Дорогой Борис, если бы ты только знал, как мне хочется домой, как мне ужасно тоскливо бывает — выйдешь наружу, тишина, как будто бы уши ватой заткнуты, и такая даль от всех и от всего! Возможно, полюбила бы я и эту даль, м. б. и сама выбрала бы ее — сама! Когда отсюда уходит солнце, я делаюсь совсем малодушной. Наверное, просто боюсь темноты!
Крепко тебя целую, пиши открытки, очень буду ждать. Если за лето написал что-нибудь свое, пришли, пожалуйста, каждая твоя строчка — радость.
Твоя Аля.
Недавно удалось достать «Госпожу Бовари» — я очень люблю ее, а ты? Замечательная вещь, не хуже «Анны Карениной». А «Саламбо» напоминает музей восковых фигур — несмотря на все страсти. Да, ты знаешь, есть еще один Пастернак,
поэт, кажется литовский или еще какой-то, читала его стихи в Литер. газете.
<ПАСТЕРНАКУ>; 10 октября 1950
Дорогой Борис! Сегодня получила твое второе, почти вслед за первым, письмо, и хочется сейчас же откликнуться, хоть немного, сколько позволяет время, вернее — отсутствие его. Твое письмо очень тронуло и согрело меня, больше — зарядило какой-то внутренней энергией, все реже и реже посещающей меня. Спасибо тебе за него. Нет, я не читала отзыва в «Новом мире», а только отзыв на отзыв в «Литературной газете». Я и этим слабым отголоском той статьи была очень огорчена, не потому, что «выругали» то, что мне нравится, а оттого, что у критика создалось впечатление, по моему мнению, настолько же ложное, насколько «научно обоснованное», я не поверила в ее, критика и критики, искренность, что меня и огорчило главным образом. В твоем «Фаусте» преобладает свет и ясность, несмотря на все чертовщины, и столько жизни и жизненности, даже здравого смысла, что все загробное и потустороннее тускнеет при соприкосновении, даже, несмотря на перевод, чуть отдает бутафорией. (Занятная это, между прочим, вещь — этот самый Гетевский здравый смысл, в конце концов, всюду и везде преодолевающий стиль, дух времени, моду, фантазию, размах. Что-то в нем есть страшно terre-?-terre,
и его «бог деталей» с деталями вместе взятый — очень хозяйственный дядя, все детали ладно пригнаны и добротны, а остальное — украшение, позолота. Так чувствуется, что именно в «Германе и Доротее» он у себя дома, да и в «Страданиях молодого Вертера», там, где еще только дети и бутерброды и самоубийством еще не пахнет. И фаустовские чертовщины, если разобраться, и не подземны, и не надземны, и сами духи в свободное от служебных дел время питаются здоровой немецкой пищей. Между прочим, не люблю я Маргариту его, она слабее всех остальных.) Да, так вот, весь этот Гетевский здравый смысл, жизненность его, грубоватый реализм даже в нереальном, я впервые узнала именно из твоего перевода (а читала их до этого немало, все были малокровными и многословными), из чего совершенно справедливо заключено, что именно тебе удалось донести до читателя «передовые идеи» Гете и что критик из «Нового мира» плохо вчитался и еще хуже того написал.

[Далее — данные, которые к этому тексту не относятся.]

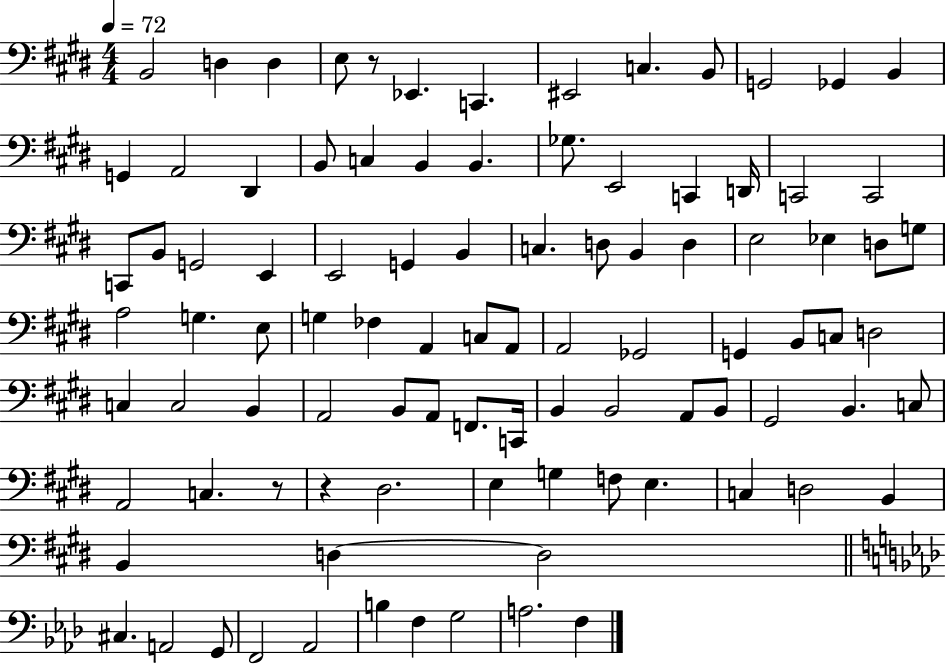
B2/h D3/q D3/q E3/e R/e Eb2/q. C2/q. EIS2/h C3/q. B2/e G2/h Gb2/q B2/q G2/q A2/h D#2/q B2/e C3/q B2/q B2/q. Gb3/e. E2/h C2/q D2/s C2/h C2/h C2/e B2/e G2/h E2/q E2/h G2/q B2/q C3/q. D3/e B2/q D3/q E3/h Eb3/q D3/e G3/e A3/h G3/q. E3/e G3/q FES3/q A2/q C3/e A2/e A2/h Gb2/h G2/q B2/e C3/e D3/h C3/q C3/h B2/q A2/h B2/e A2/e F2/e. C2/s B2/q B2/h A2/e B2/e G#2/h B2/q. C3/e A2/h C3/q. R/e R/q D#3/h. E3/q G3/q F3/e E3/q. C3/q D3/h B2/q B2/q D3/q D3/h C#3/q. A2/h G2/e F2/h Ab2/h B3/q F3/q G3/h A3/h. F3/q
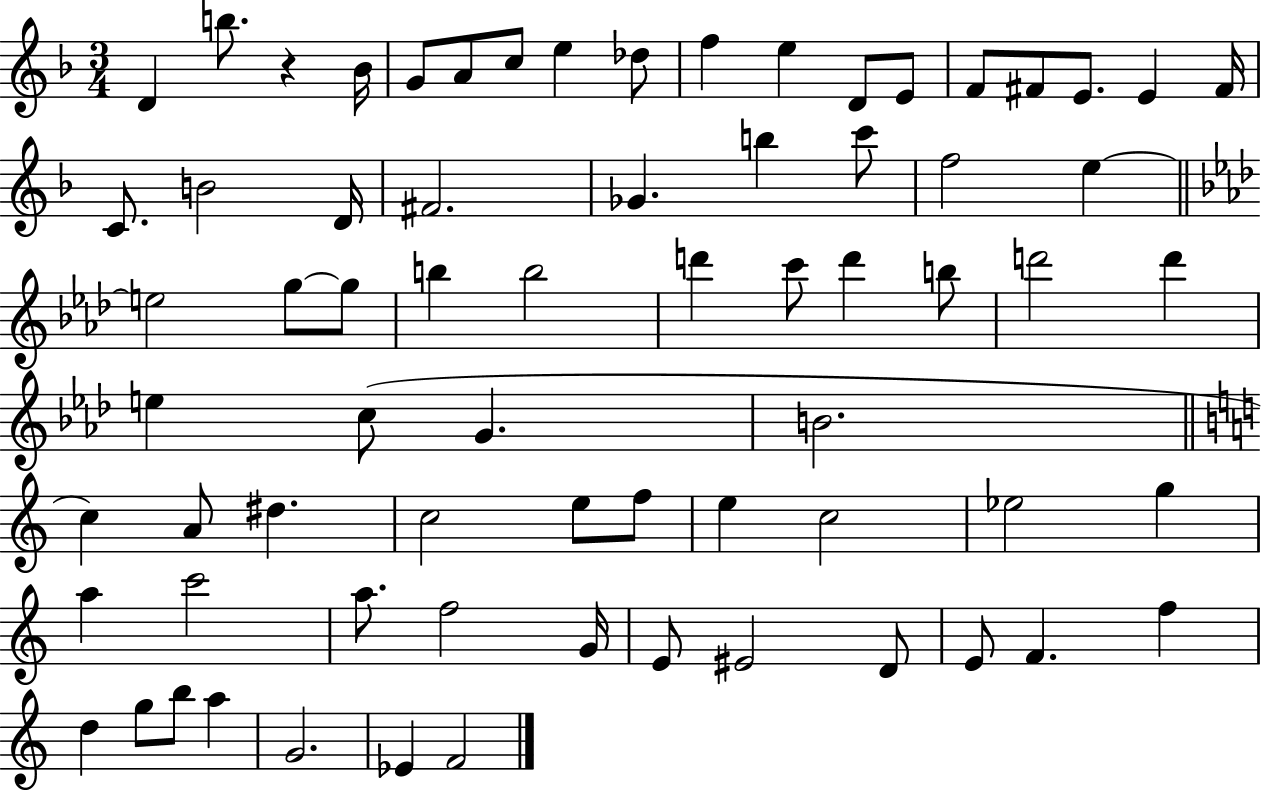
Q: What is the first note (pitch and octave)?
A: D4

Ты, конечно, ужасно неправ, говоря о том, что «не приносишь счастья своим друзьям» и т. д. И, конечно, это просто мнительность (сверх-!) и сверхделикатность по отношению к друзьям. Ты и в горе остаешься светлым и добрым, именно это в твоих письмах (и в тебе самом!) дает ту зарядку, когда читаешь их, о которой говорила выше. Трудно это все выразить, определить, мысли мои, от недостатка общения с людьми, от невозможности писать, ужасно расплывчаты, и как чувства, плохо поддаются описанию. Но мне думается так — пройдет время, и внуки теперешних критиков будут писать об оптимистичности твоего творчества, им легко будет доказать ее, это будет бесспорным, как бесспорна сейчас возникшая из раскопок древняя Греция. Утешительно ли это, когда живешь и дышишь именно сегодня, — не знаю, но знаю, что это удел избранных, бесспорный и вечный, как звездное небо. Почему я так тянусь к тебе, так глубоко радуюсь твоим письмам, так чувствую себя самой собой, когда думаю о тебе и пишу тебе? Не только потому, что ты — старый друг, что твое имя навсегда связано у меня с маминым, что я люблю тебя за них и сама — и еще и оттого, что я, ничего не создавшая, зрячая и слышащая, но немая, ничего никогда не сотворившая, тянусь к тебе, как к творцу, тянусь к твоему земному (единственному, в которое верю, наиблагороднейшему, ибо — делу рук человеческих) — бессмертию. Очень я люблю и уважаю тебя и за то, что ты не зарыл свой талант в землю, и за то, что ты не сделал ему мичуринской прививки, и вообще за все на свете. Прости меня за мою проклятую бессвязность и за всю бестолковость, с которой я пытаюсь высказать то, что так стройно складывается в голове! И не думай, что, как ты написал мне однажды, я пытаюсь «завязать роман на расстоянии» (написал-то ты не так, но смысл был приблизительно таков). Нет, это все вне всяких романов, как окружающая меня сейчас северная ночь, как волочащий льдины на своем стальном хребте Енисей, как тисками охватившее холодную землю небо, пронзенное звездами.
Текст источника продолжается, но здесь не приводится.